Note that zfs2s3 is not a complete backup solution, it's just a tool to send zfs snapshots to S3. You will need to script or organize your own snapshot schedule.

Preparation

  • Install the AWS tools, configure them with your keys.
  • Create a bucket zfs2s3 to which you have write permission, or set the environment variable ZFS2S3_BUCKET.
  • If you want a storage class other than standard, also set ZFS2S3_STORAGE_CLASS to the desired S3 storage class, such as "STANDARD" or "DEEP_GLACIER".
  • Install with python3 setup.py install [--user].

Commands

  • zfs2s3 upload dataset@snapshot [-i dataset@prev_snapshot] uploads a dataset, optionally relative to another dataset.
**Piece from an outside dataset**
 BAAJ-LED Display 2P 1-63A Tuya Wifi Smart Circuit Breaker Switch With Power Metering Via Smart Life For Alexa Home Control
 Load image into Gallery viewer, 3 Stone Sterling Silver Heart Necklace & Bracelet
Note that once an upload has been started, it has to be completed or aborted before another upload can be performed.
  • zfs2s3 resume_upload resumes a previous upload.
  • zfs2s3 abort_upload aborts the currently running upload.
  • zfs2s3 remove dataset@snapshot [-i dataset_prev_snapshot] removes the dataset previously uploaded with the given flags. Only use this command to remove saved datasets! If you manually delete S3 objects that this tool has uploaded, it can not ensure that all uploaded snapshots stay recoverable.

Concept

When you complete an upload, the snapshot and base snapshot are saved in .local/share/zfs2s3/stored_snapshots.yml. ZFS2S3 will not allow you to remove a snapshot if doing so would abandon further downstream snapshots.
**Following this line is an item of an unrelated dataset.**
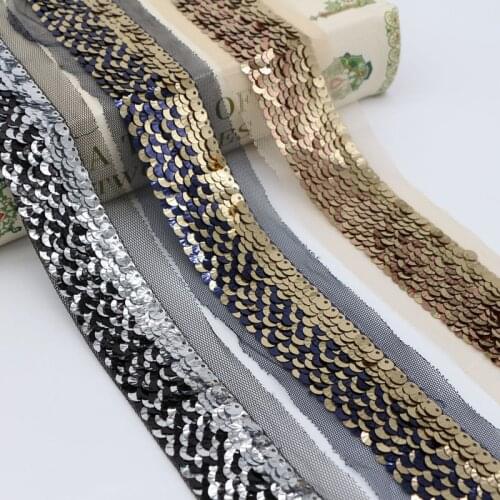 1 Yard Sequin Lace Ribbon Shiny Trims Fabric Wedding Headdress Garment Decorative DIY Sewing Accessories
Another way to think about it is that zfs2s3 will only allow you to render unavailable exactly one backup per zfs2s3 remove call.

Example:

A -> B -> C -> D

ZFS2S3 will allow you to delete D with zfs2s3 remove dataset@D -i dataset@C. This is valid, because the only thing that is removed is D itself, which you explicitly asked for. However, zfs2s3 remove dataset@C -i dataset@B will fail, because removing B -> C would abandon C -> D. You have to remove C -> D first.

As another example, assume you have made daily backups for a month:

Jan 1 -> Jan 2 -> ......... Jan 30 -> Jan 31 -> Feb 1 -> Feb 2...
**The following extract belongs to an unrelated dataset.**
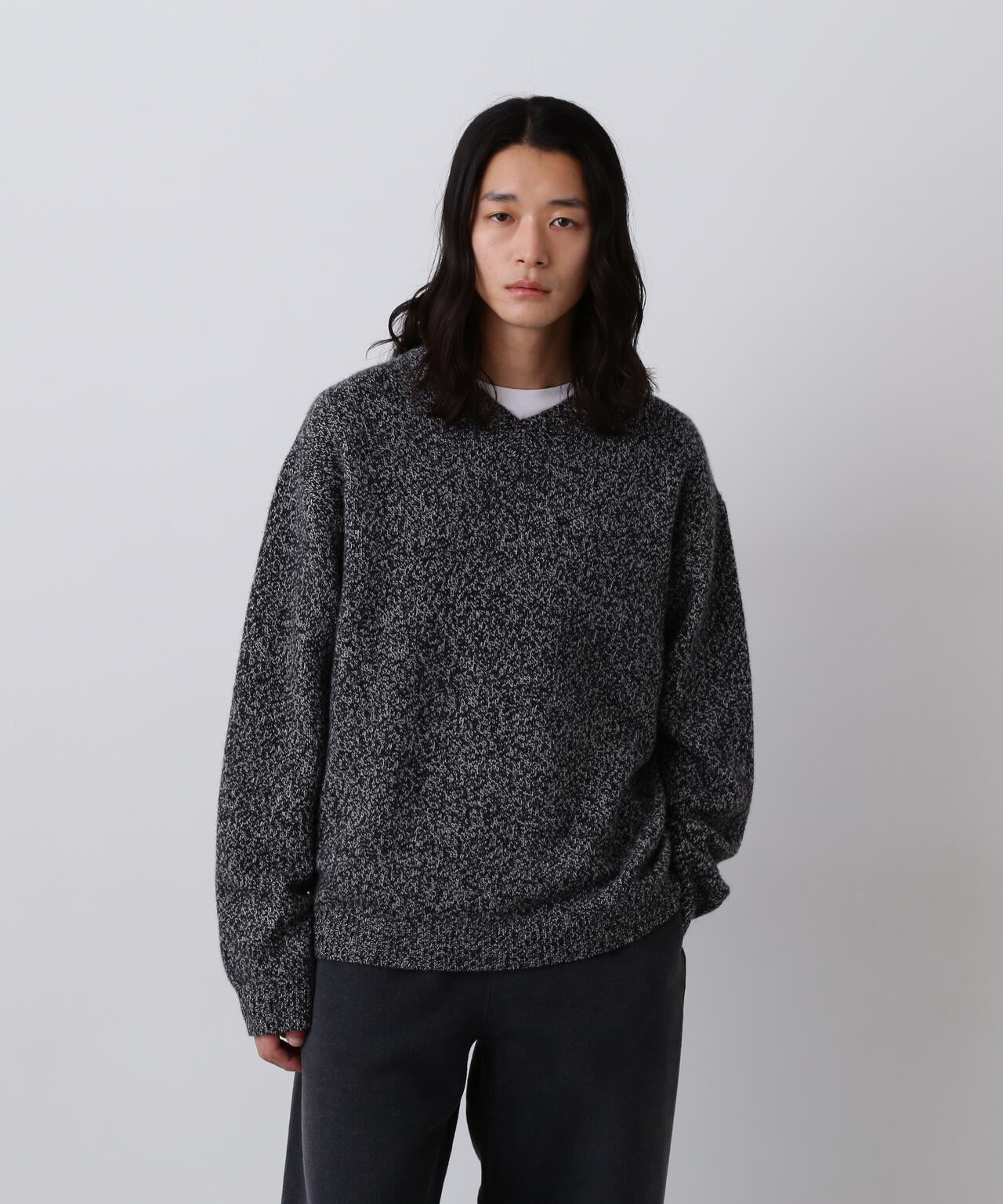 YLÈVE / WOOL CASHMERE MELANGE KNIT V NECK PULL OVER | YLÈVE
You now want to replace the whole month with one backup, Jan 1 -> Feb 1, to save on space. So you create it:

      /--------------------------------------->
Jan 1 -> Jan 2 -> ......... Jan 30 -> Jan 31 -> Feb 1 -> Feb 2...

At this point, you will be able to remove Jan 31 -> Feb 1 because doing so does not leave Feb 2 unsupported. Previously, doing so would have abandoned Feb 2, so you would have gotten an error. So since we have the Jan 1 -> Feb 1 "bypass", we can safely remove the intermediate snapshots.